En 1929, c’est au tour d’Evelyn Waugh de s’embarquer pour les rivages méditerranéens : en échange d’une croisière gratuite à bord du Stella Polaris, le romancier s’était engagé à faire la publicité du bateau dans le récit qu’il tirerait de son voyage. Labels : A Mediterranean Journal, publié la même année, est selon Julie Morère un récit « psychogéographique » où « l’intériorité du processus de création est confrontée de manière ambivalente à l’extériorité du voyage, à la rencontre des hommes et de la civilisation méditerranéenne » [55, 54]. Dans son texte, Waugh brouille les limites entre document et fiction, il « s’invente et renforce son identité par réaction aux cultures découvertes, tout en filtrant les informations, et en expulsant l’intime du récit » [59]. Et en 1935, Ford Madox Ford livre un récit de voyage intitulé Provence où il explore les relations entre espace et histoire. La Méditerranée est à la fois « terre d’hybridité » [71], à l’encontre du mythe nazi de la pureté raciale, terre humble et paysanne, contre le culte capitaliste de la production de masse, et terre d’art. De cette Provence « définie davantage par ses valeurs que par sa géographie ou son climat » [73], Ford brosse un portrait « éminemment subjectif » [74], illustré par les dessins de sa compagne, Janice Biala.

D’une modernité l’autre : c’est à la Harlem Renaissance des années 1920 qu’on a coutume de rattacher l’écrivain jamaïcain installé aux États-Unis Claude McKay.

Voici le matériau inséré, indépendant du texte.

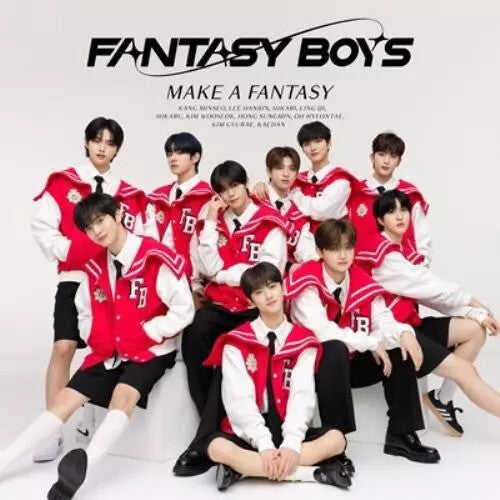 Fantasy Boys: Make A Fantasy - Version B - COMPACT DISCS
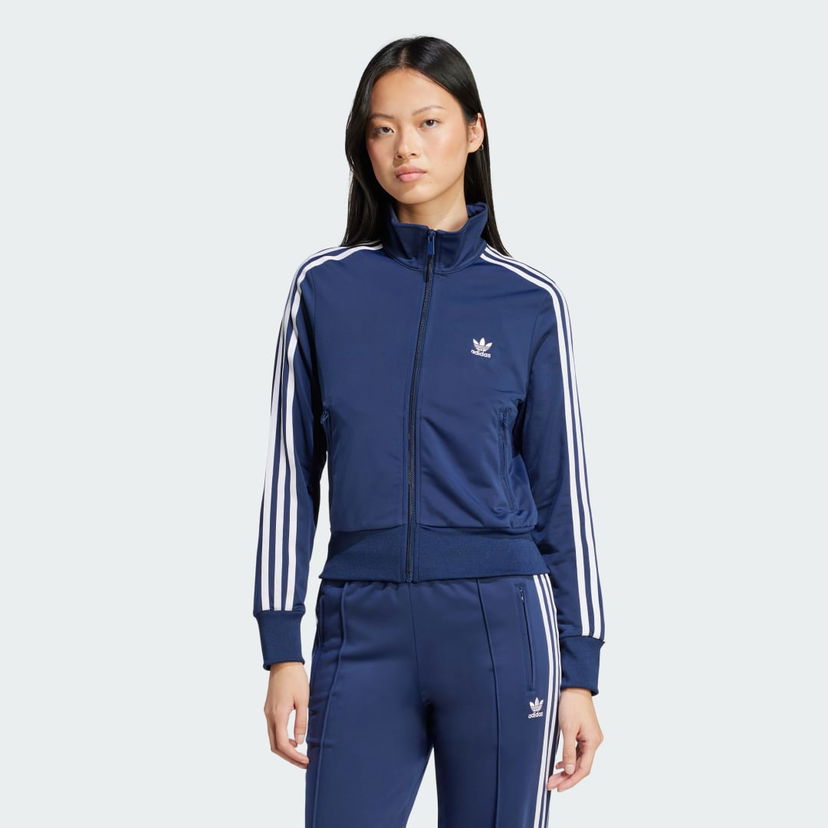 Куртка бомбер adidas Performance Classics Firebird Track Jacket Синій | JC8263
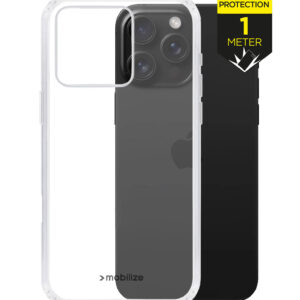 Mobilize Naked Protection Case Apple Iphone 16 Pro Clear
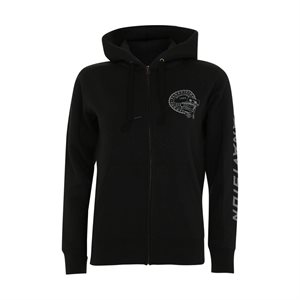 PANAVISION ZIP HOODY (BLACK) LADIES 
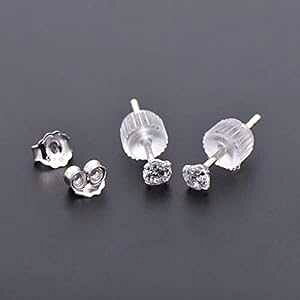 ȃX^[O Vo[ L[rbN WRjA CO X^bh 3 MM Joseph Brothers Tiny Sterling Silver Cubic Zirconia Earrings Studs 3MM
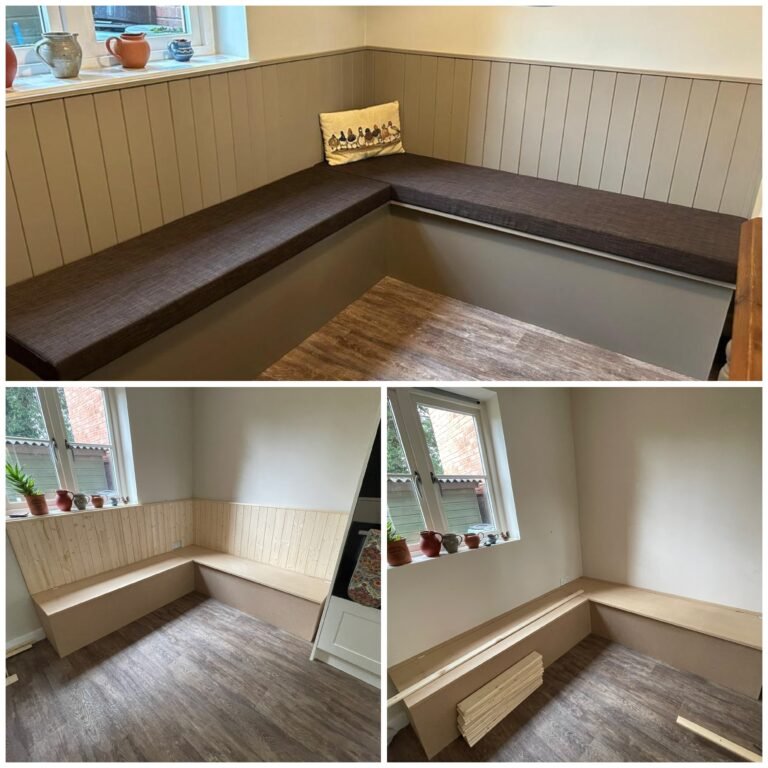 Farm Bench Installation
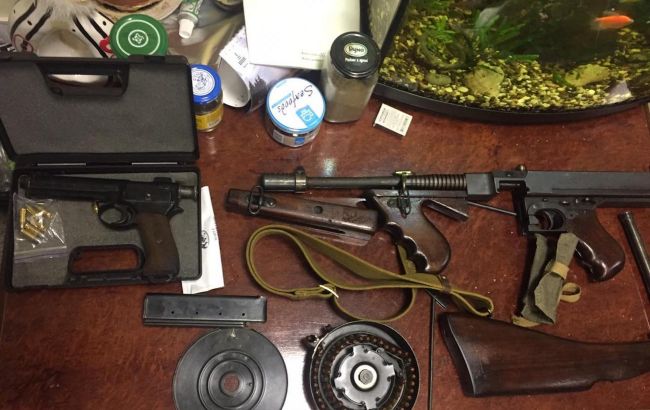 Международная банда изготавливала и продавала оружие в Украине, ее разоблачили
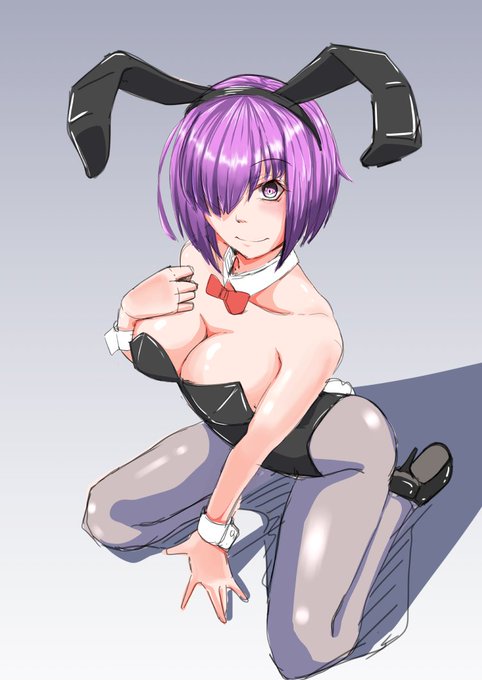 おはようおっぱい
模写マシュ 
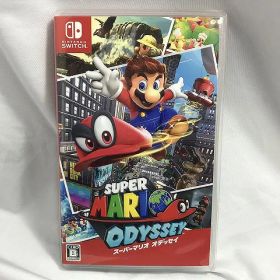 ニンテンドー Nintendo Nintendo Switch用ソフト スーパーマリオ オデッセイ LA-H-AAACA-JPN 【中古】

Dans son roman Banjo (1929) et dans son autobiographie A Long Way From Home (1937), il décrit le milieu noir marseillais, ayant vécu de 1924 à 1928 dans la ville à laquelle il consacre le chapitre « Marseilles Motley », Marseille la bigarrée. Pour Claudine Raynaud, « La tirade finale de Banjo voit dans les Noirs de Marseille une authenticité et un potentiel révolutionnaire bien éloignés des débats et des positionnements de l’intelligentsia noire américaine de la Renaissance de Harlem » [277]. À en croire son célèbre Journal, Anaïs Nin semble avoir été très vite fascinée par « une terre méditerranéenne qui va jusqu’à revêtir des allures paradisiaques et se fait à maintes reprises synonyme de libération des instincts et d’un élan vital » [258]. Face à l’ « inquiétante fascination de Nice » [266], Saint-Tropez apparaît au contraire comme le lieu emblématique de l’insouciance, lors des derniers beaux jours de 1939. Et comme l’explique Simon Dubois-Boucheraud, « C’est néanmoins sous les traits d’un univers fantasmé, reconstruit par les assauts de l’imaginaire et du désir de plénitude qui s’y rattache, que la Provence surgit au fil des entrées du journal » [260]. Né au Pendjab, Lawrence Durrell ne vivra guère en Angleterre que le temps de ses études, préférant ensuite habiter Corfou, Athènes, l’Égypte, Rhodes, Chypre et enfin la France. Cet éternel exilé a produit de nombreux « récits de résidence plus que de voyage » [209], mais c’est sur sa poésie que se penche Catherine Delmas. Ces poèmes méditerranéens, dont les premiers remontent à 1931, « revisitent le passé, qu’il soit personnel, historique ou mythique, et sont empreints de la mémoire du lieu » [210]. Voyageur en quête d’ancrage, Durrell « oscille entre la perte, la solitude, et la plénitude, et plus généralement entre l’effacement et la pérennité de l’écriture poétique » [212]. « À la déchirure, au dualisme de l’être, à la quête de réconciliation des contraires répond la symbiose entre l’homme et le paysage méditerranéen, et celle-ci passe par les sens et le corps, et non par la connaissance intellectuelle ou rationnelle » [217].

Toutes ces visions confirment les propos liminaires des éditrices : cette Méditerranée-là est bien « ambivalente », « sublimée », « visionnaire », toujours réinventée.